Pero a pesar del tiempo transcurrido su poética se ha mantenido fiel al ejercicio de la mirada hacia esos elementos o instantes que suelen pasar desapercibidos para la mayoría, pero para nuestra poeta contienen gran significado.
María Clara Salas ha escrito: "En Edda, lo visual predomina para ser convertido en presencia inédita, inesperada, de una densidad poco usual, Edda ve las posibilidades de ser en cualquier elemento, allí donde los demás no se detienen, ella pone sus ojos y edifica el poema"; ése es el caso de su poemario Fruta hendida (Kalathos, 2019):
Extraño aroma
que sólo ahora, a esta edad
comienzo a percibir.
No proviene de la flor ni del fruto
sino del querer renacer
Huéspedes de la cotidianidad, las frutas discurren en silencio, esperando prestar sus beneficios hasta que la mirada de la poeta se posa sobre ellas y redimenciona su existencia: no un simple alimento, sino compañeras de vida con vida propia; en los textos que abren la primera parte de Fruta hendida, presiento el eco del Francis Ponge de Le parti pris des choses (N.R.F., 1942):
Veo las frutas en la cima
siendo recompensa en días áridos
de indivisas despedidas
y sueños a la mitad
(...)
Elige una, aunque áspera te sea.
La más distante o la más esférica,
y álzala con su azul erotizado por la nostalgia
en el invisible ritual
de invertir el infortunio
Edda Armas y Manuel Cabesa en la Fundación Ludovico Silva (noviembre, 2005)
La nostalgia es una palabra clave dentro de la obra de Edda Armas: los fantasmas familiares, las ciudades recorridas, los paisajes, las configuraciones del arte a través de la imagen fotográfica conforman un catálogo de añoranzas que van ocupando su espacio entre las frutas de este emotivo bodegón de palabras.

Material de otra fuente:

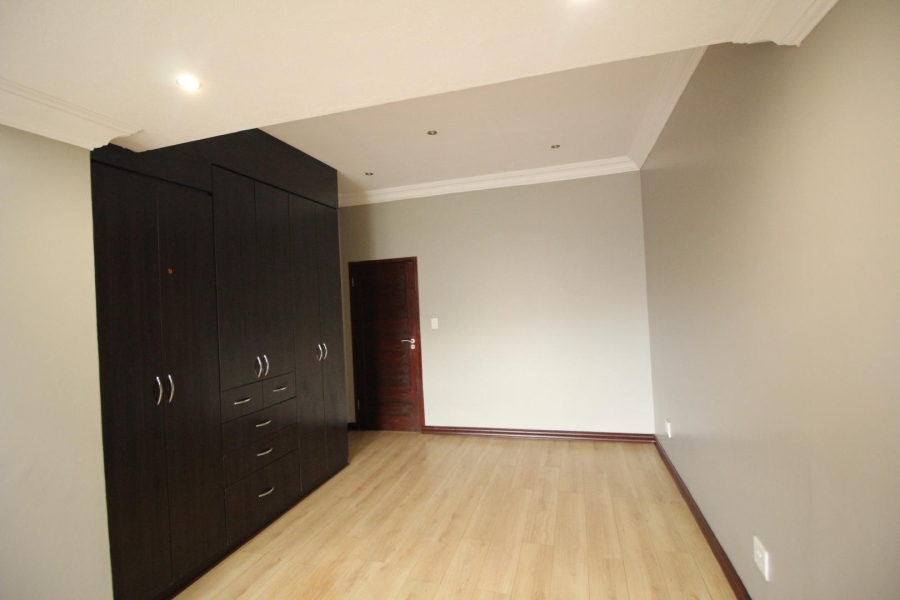 To Let 4 Bedroom Property for Rent in Midstream Estate Gauteng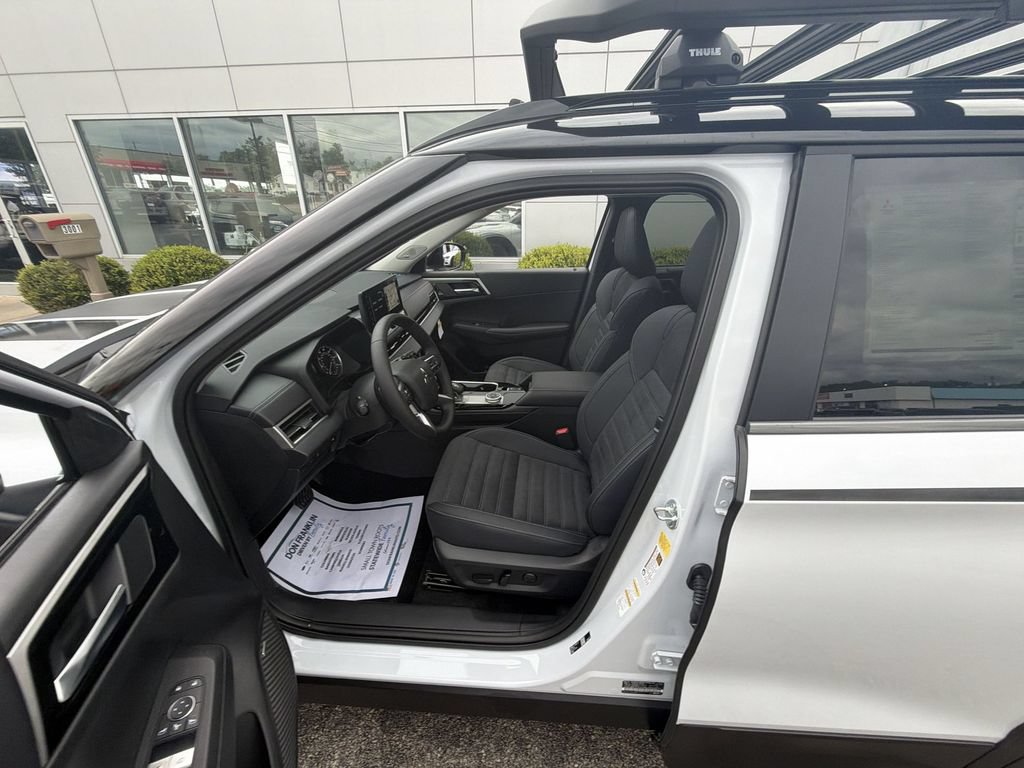 New 2026 Mitsubishi Outlander AWD image 11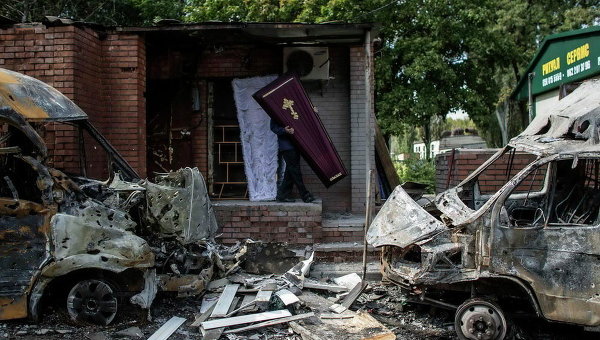 Разрушенные здания в Донецке. Архивное фото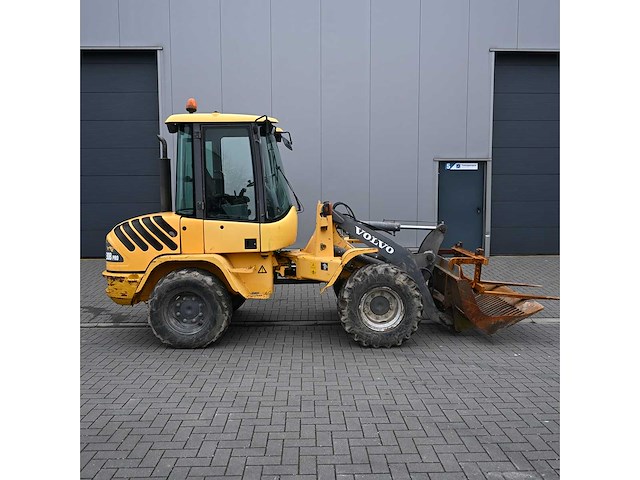 Volvo - 2002 - l30b - shovel - afbeelding 9 van  20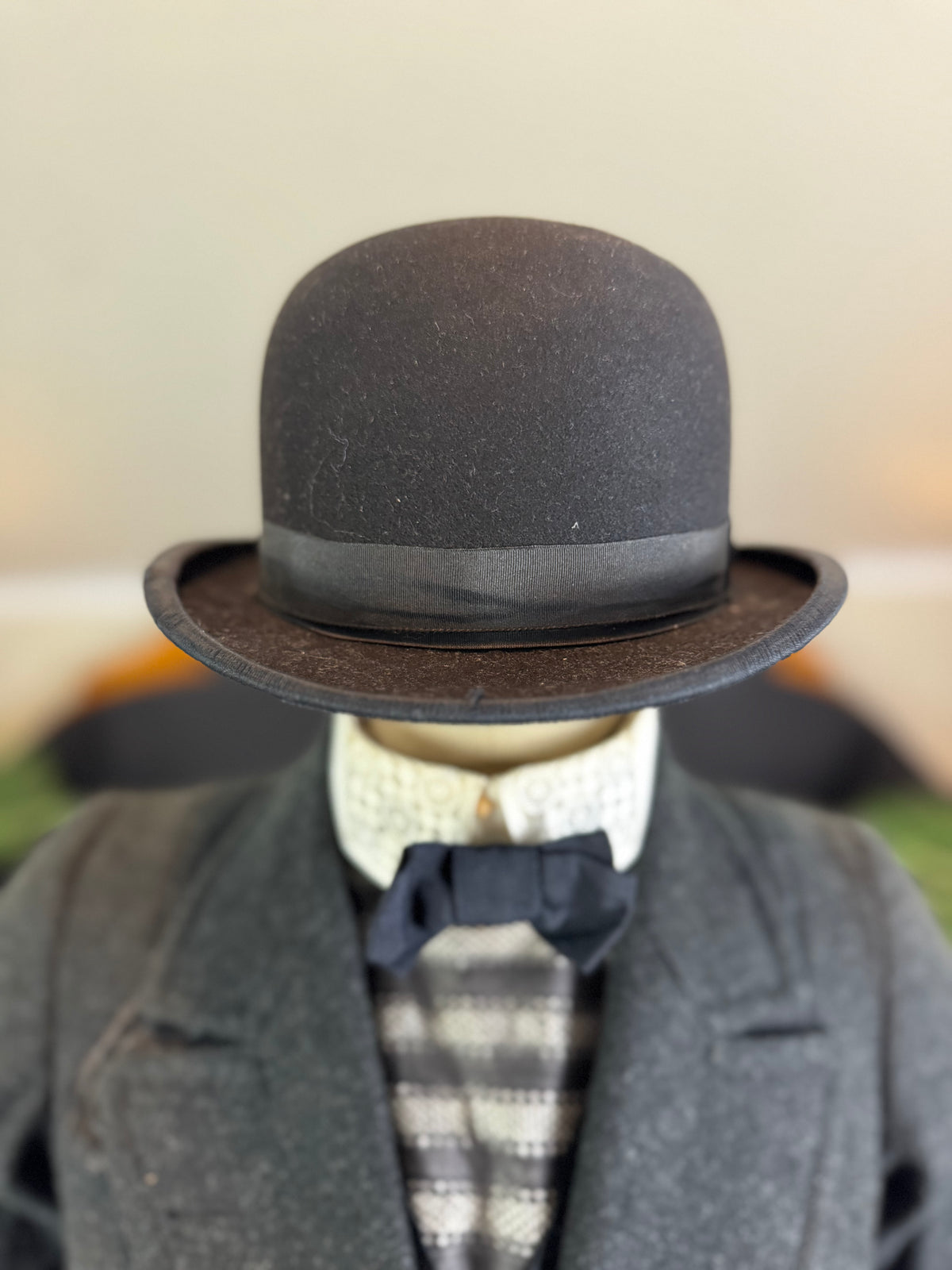 LEGG & MILLARD Antique Riding Ensemble, England, ca. 1904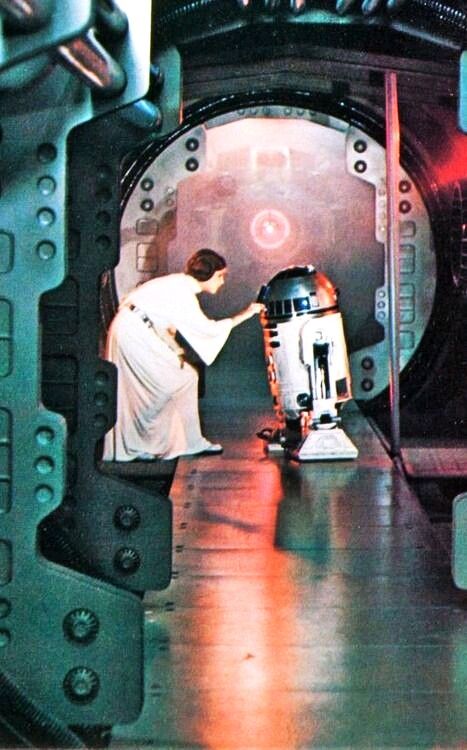 A New Hope: Princess Leia and R2D2 when she is recording the message to go in R2D2 to Obi-Wan Kenobi begging  him for help Anakin Vader, Cd Box, Star Wars Princess, Theme Tattoo, Reservoir Dogs, Star Wars Love, Septième Art, Cuadros Star Wars, Star Wars Wallpaper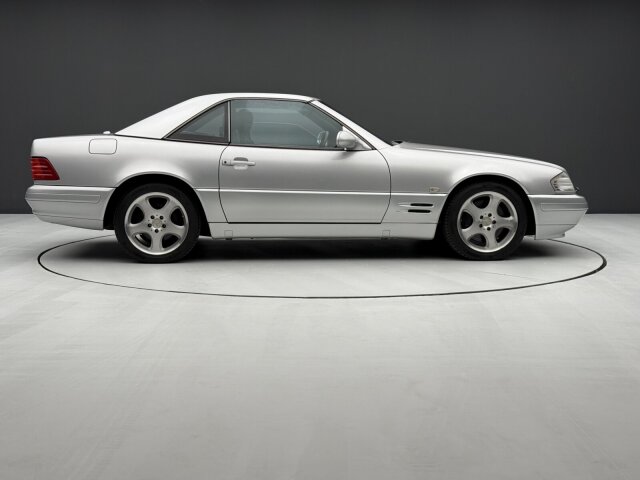 Mercedes-Benz SL 320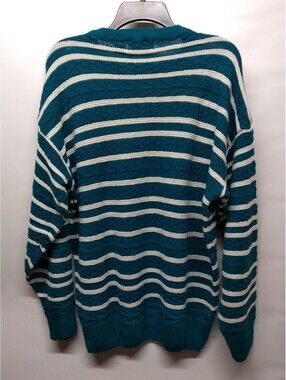 City streets sweater Size Large Men's Sweater 037 B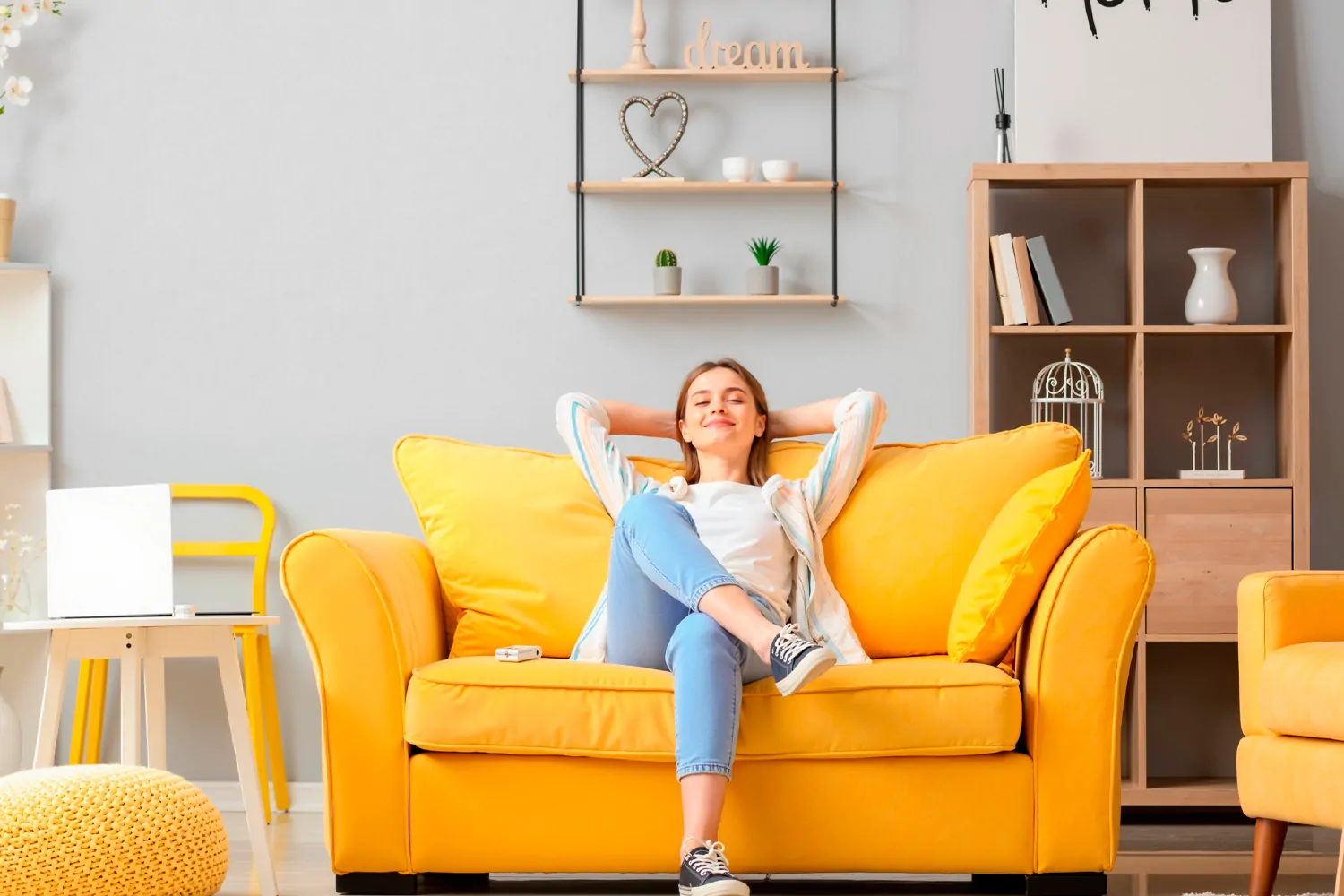 Рекомендації для вибору диванів і крісел, які підтримують правильну поставу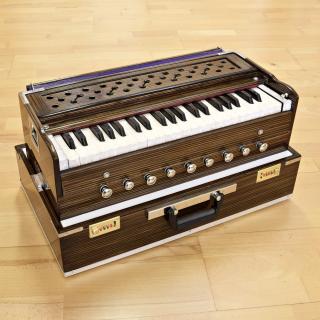 Sat Nam Harmonium Classic 5 regiszter sötétbarna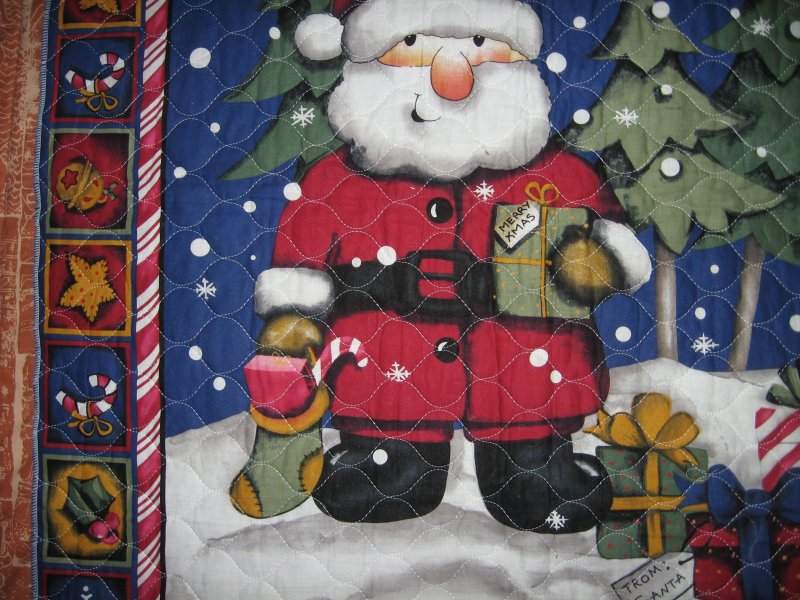 Santa presents christmas quilt 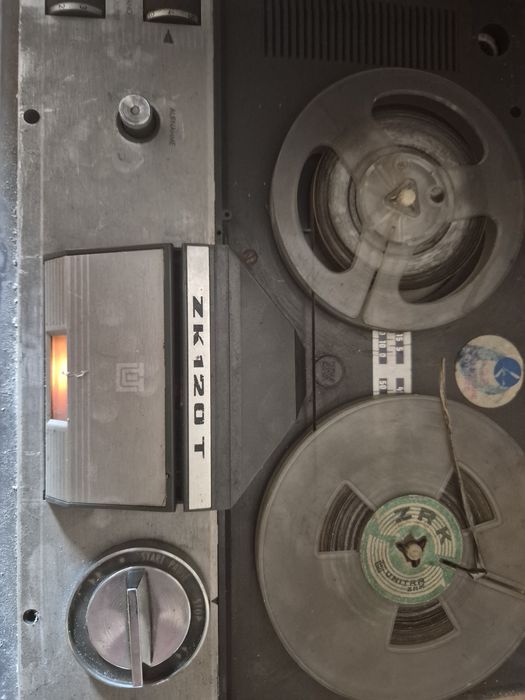 Magnetofon szpulowy Unitra ZRK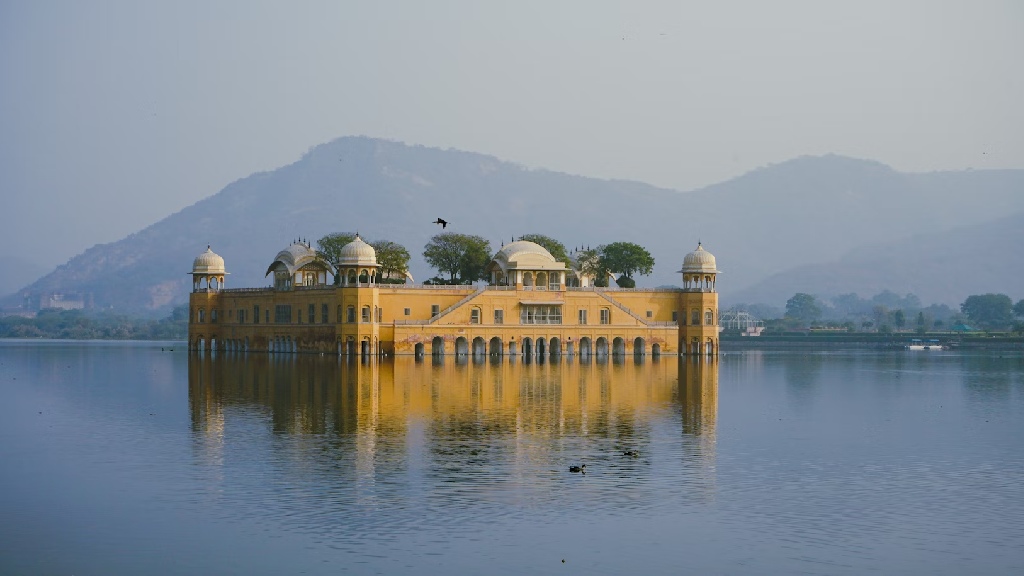 Imagen de un tour por Rajasthan con estaciones de montaña, destacando un tour de 10 días en Rajasthan con paisajes variados y culturales.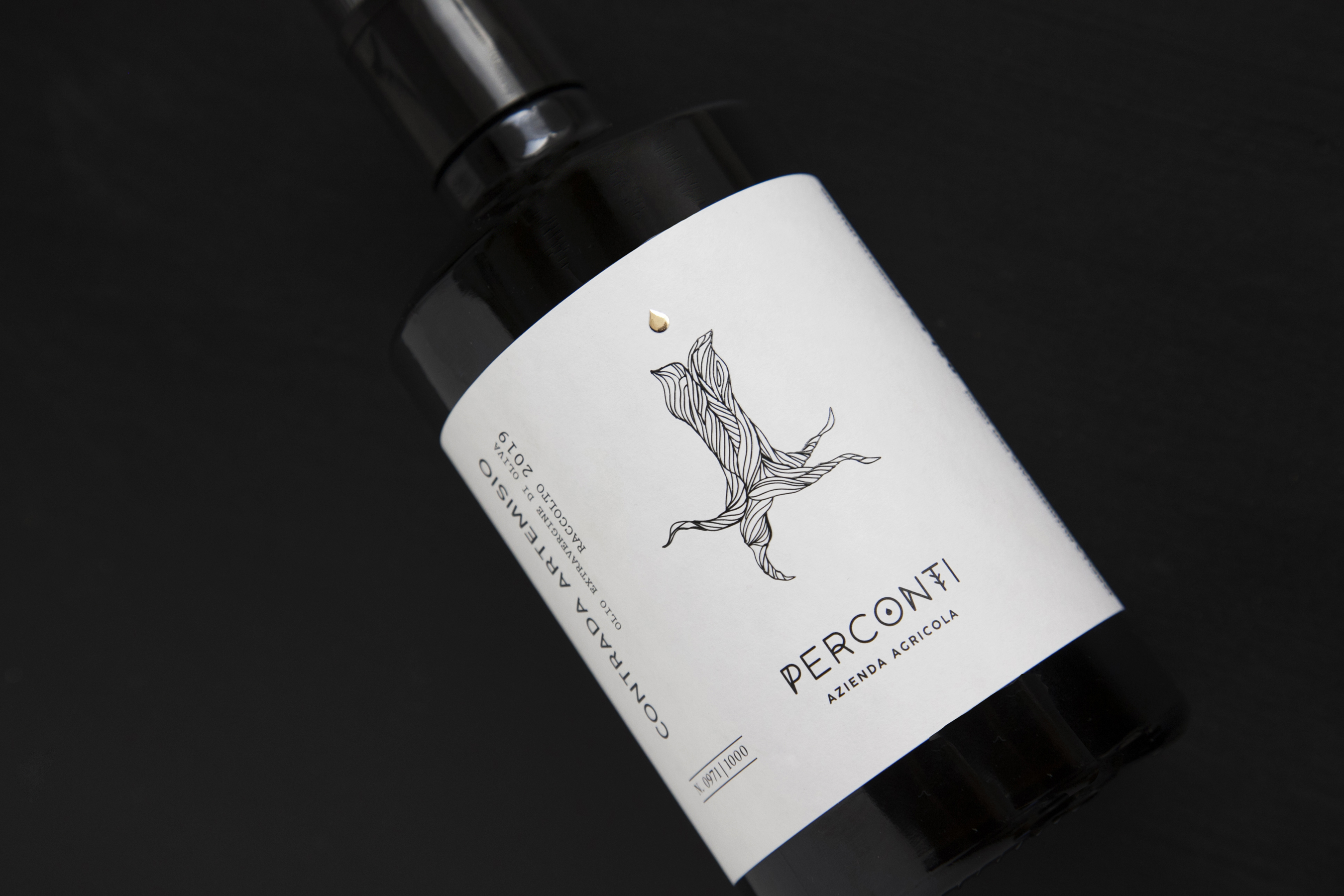 Auca Design Creates New Perconti Limited Extra Virgin Olive Oil Packaging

Caben destacar las imágenes que acompañan esta edición obra del fotógrafo Fernando Adam que se concatenan con los poemas de manera armoniosa: un preámbulo visual a la extrañeza de las palabras que conforman cada una de las partes del libro.
Sobre esto ha escrito Victoria D'Stefano: "Las imágenes, sean poéticas o fotográficas, pues ambas aspiran a hacerse presencia y visión del aquí y el ahora, siempre comportan preguntas sobre lo que muestran y lo que ocultan, sobre lo que pueden o no retener, y sobre todo, lo que pueden detener en el espacio y el tiempo. La auténtica y verdadera dimensión del tiempo es sólo el presente, instante decisivo, instante efímero, y todo lo demás es pasar y volver a sumergirse en el flujo de las cosas":
Un libro perdido en el amado desorden.
El deseo no confesado, ahora irisdiscente.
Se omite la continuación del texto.